**PROMPT:**
Every line of the data should be output word for word.
═══
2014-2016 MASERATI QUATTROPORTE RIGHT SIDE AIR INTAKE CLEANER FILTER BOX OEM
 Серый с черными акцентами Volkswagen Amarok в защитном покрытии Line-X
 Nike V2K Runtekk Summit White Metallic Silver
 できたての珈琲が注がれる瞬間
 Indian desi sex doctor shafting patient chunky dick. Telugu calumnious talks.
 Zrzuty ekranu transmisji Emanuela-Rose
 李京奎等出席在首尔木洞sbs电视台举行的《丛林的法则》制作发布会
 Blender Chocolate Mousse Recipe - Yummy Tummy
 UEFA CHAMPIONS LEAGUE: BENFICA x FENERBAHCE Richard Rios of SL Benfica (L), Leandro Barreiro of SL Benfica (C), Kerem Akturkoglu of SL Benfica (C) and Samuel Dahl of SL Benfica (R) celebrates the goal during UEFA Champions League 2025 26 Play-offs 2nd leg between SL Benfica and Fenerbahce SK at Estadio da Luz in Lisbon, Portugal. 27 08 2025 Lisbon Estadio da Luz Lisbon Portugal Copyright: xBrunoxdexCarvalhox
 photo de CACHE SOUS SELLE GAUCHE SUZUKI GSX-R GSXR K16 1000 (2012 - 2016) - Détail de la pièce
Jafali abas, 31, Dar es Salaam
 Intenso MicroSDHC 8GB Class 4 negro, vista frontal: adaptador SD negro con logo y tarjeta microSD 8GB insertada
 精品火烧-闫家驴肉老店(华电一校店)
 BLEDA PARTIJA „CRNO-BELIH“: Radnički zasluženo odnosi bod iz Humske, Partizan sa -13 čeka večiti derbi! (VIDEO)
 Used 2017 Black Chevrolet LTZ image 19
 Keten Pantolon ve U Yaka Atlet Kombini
═══
**COMPLETED TASK:**
2014-2016 MASERATI QUATTROPORTE RIGHT SIDE AIR INTAKE CLEANER FILTER BOX OEM
 Серый с черными акцентами Volkswagen Amarok в защитном покрытии Line-X
 Nike V2K Runtekk Summit White Metallic Silver
 できたての珈琲が注がれる瞬間
 Indian desi sex doctor shafting patient chunky dick. Telugu calumnious talks.
 Zrzuty ekranu transmisji Emanuela-Rose
 李京奎等出席在首尔木洞sbs电视台举行的《丛林的法则》制作发布会
 Blender Chocolate Mousse Recipe - Yummy Tummy
 UEFA CHAMPIONS LEAGUE: BENFICA x FENERBAHCE Richard Rios of SL Benfica (L), Leandro Barreiro of SL Benfica (C), Kerem Akturkoglu of SL Benfica (C) and Samuel Dahl of SL Benfica (R) celebrates the goal during UEFA Champions League 2025 26 Play-offs 2nd leg between SL Benfica and Fenerbahce SK at Estadio da Luz in Lisbon, Portugal. 27 08 2025 Lisbon Estadio da Luz Lisbon Portugal Copyright: xBrunoxdexCarvalhox
 photo de CACHE SOUS SELLE GAUCHE SUZUKI GSX-R GSXR K16 1000 (2012 - 2016) - Détail de la pièce
Jafali abas, 31, Dar es Salaam
 Intenso MicroSDHC 8GB Class 4 negro, vista frontal: adaptador SD negro con logo y tarjeta microSD 8GB insertada
 精品火烧-闫家驴肉老店(华电一校店)
 BLEDA PARTIJA „CRNO-BELIH“: Radnički zasluženo odnosi bod iz Humske, Partizan sa -13 čeka večiti derbi! (VIDEO)
 Used 2017 Black Chevrolet LTZ image 19
 Keten Pantolon ve U Yaka Atlet Kombini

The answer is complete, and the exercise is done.